------ DATASET SECTION ------

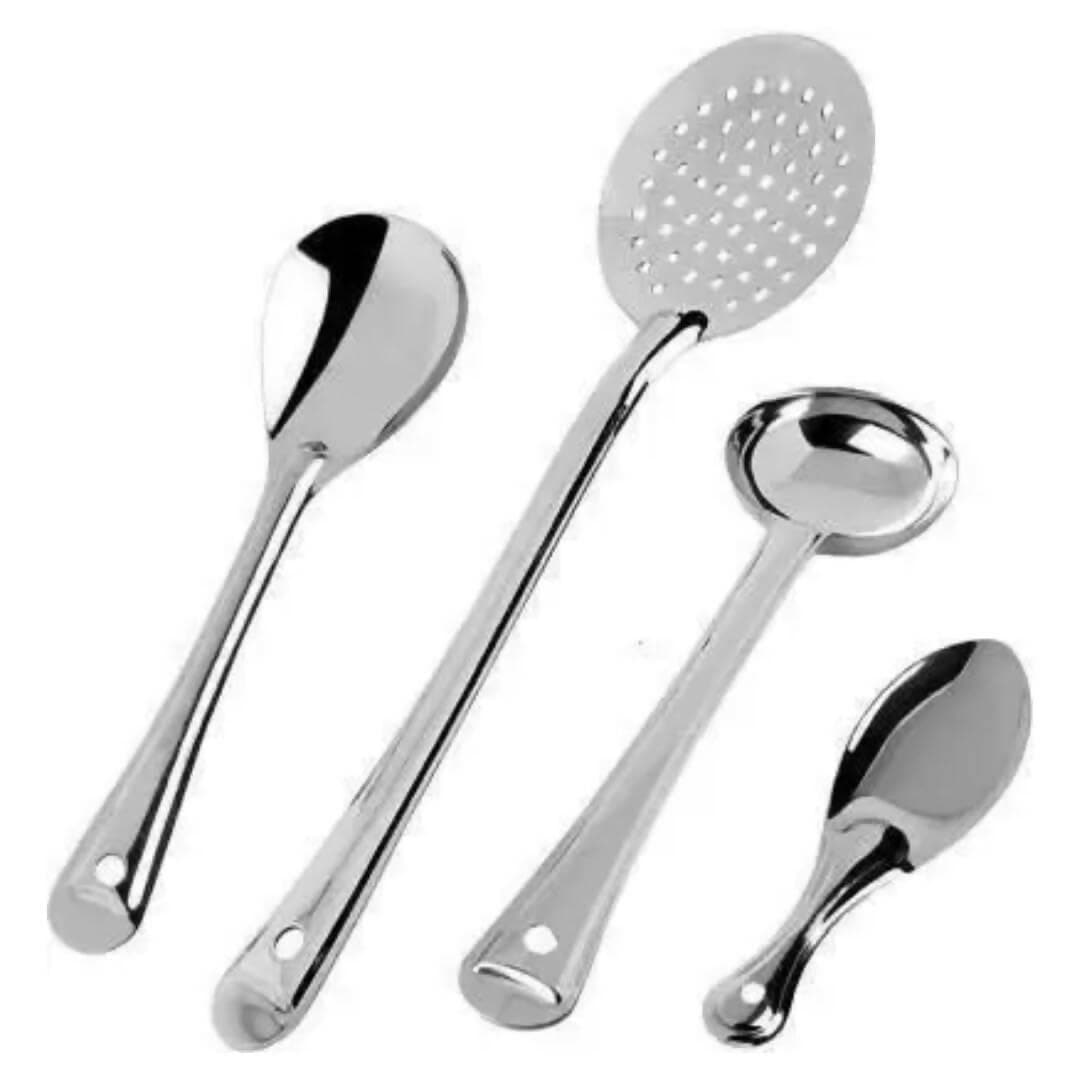 SHINI LIFESTYLE Stainless Steel Ladle (Pack of 4) - HalfPe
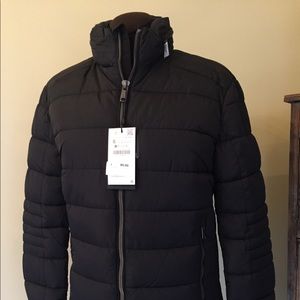 Score a winning look Men's coat by Zara Man.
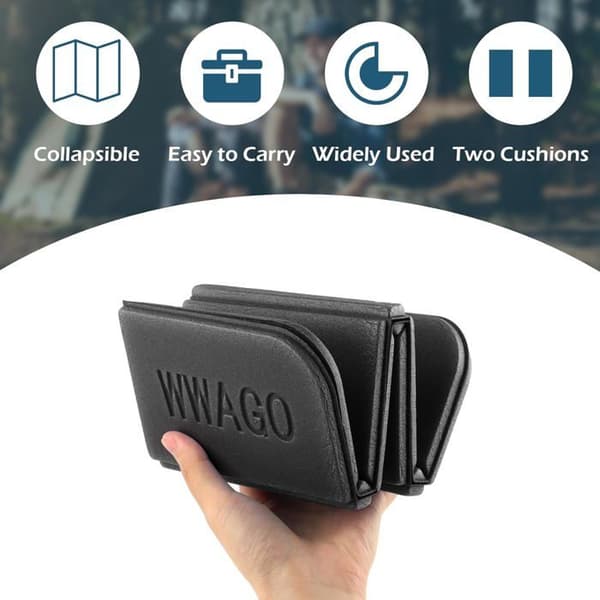To foldbare puder, ultralet skumpolstring, velegnet til camping, vandreture og udendørs aktiviteter (sort).
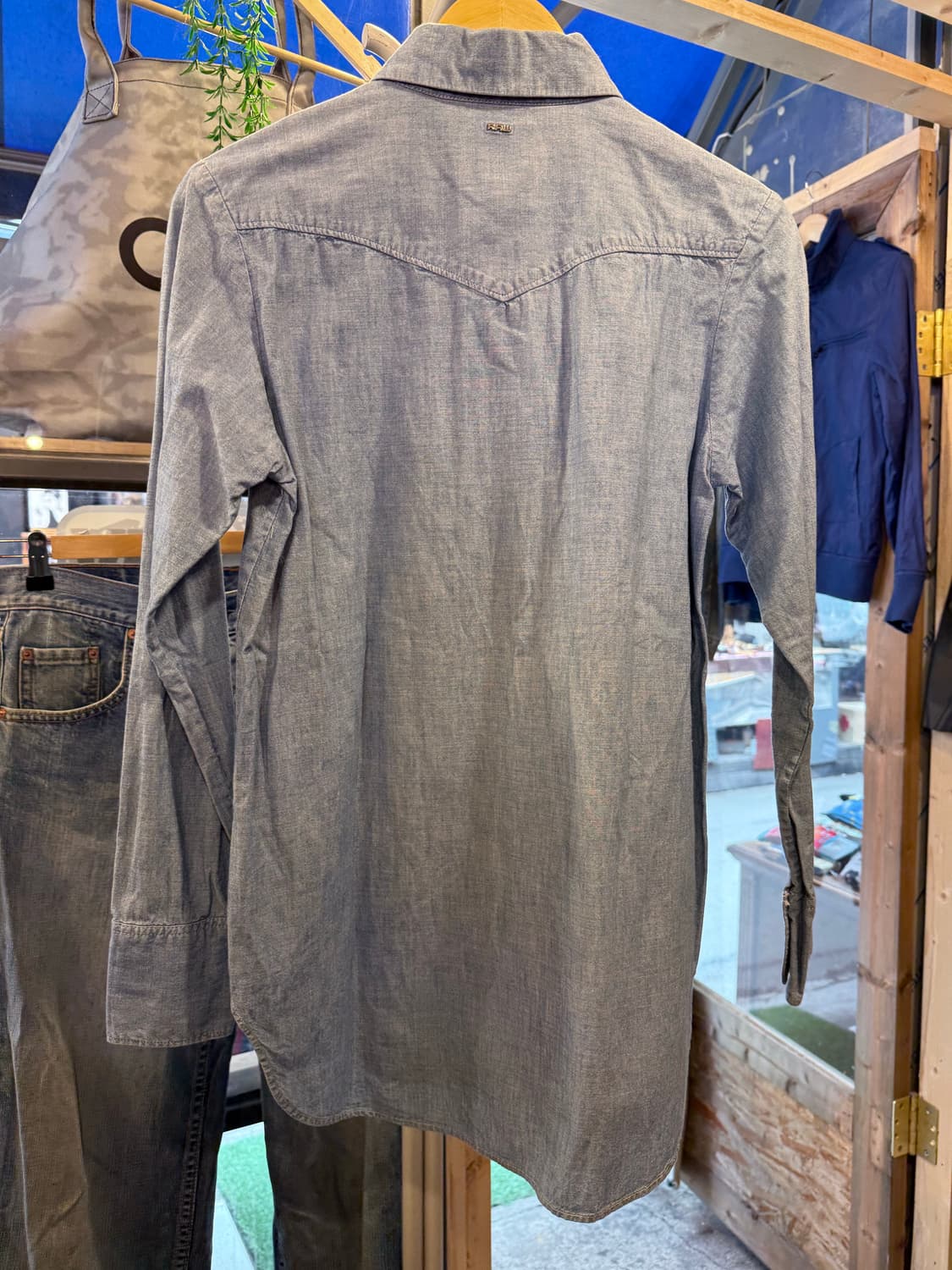 지스타 로우 데님 셔츠  상품이미지4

------

Without including any picture, write out the material above exactly.

 SHINI LIFESTYLE Stainless Steel Ladle (Pack of 4) - HalfPe
 Score a winning look Men's coat by Zara Man.
To foldbare puder, ultralet skumpolstring, velegnet til camping, vandreture og udendørs aktiviteter (sort).
 지스타 로우 데님 셔츠  상품이미지4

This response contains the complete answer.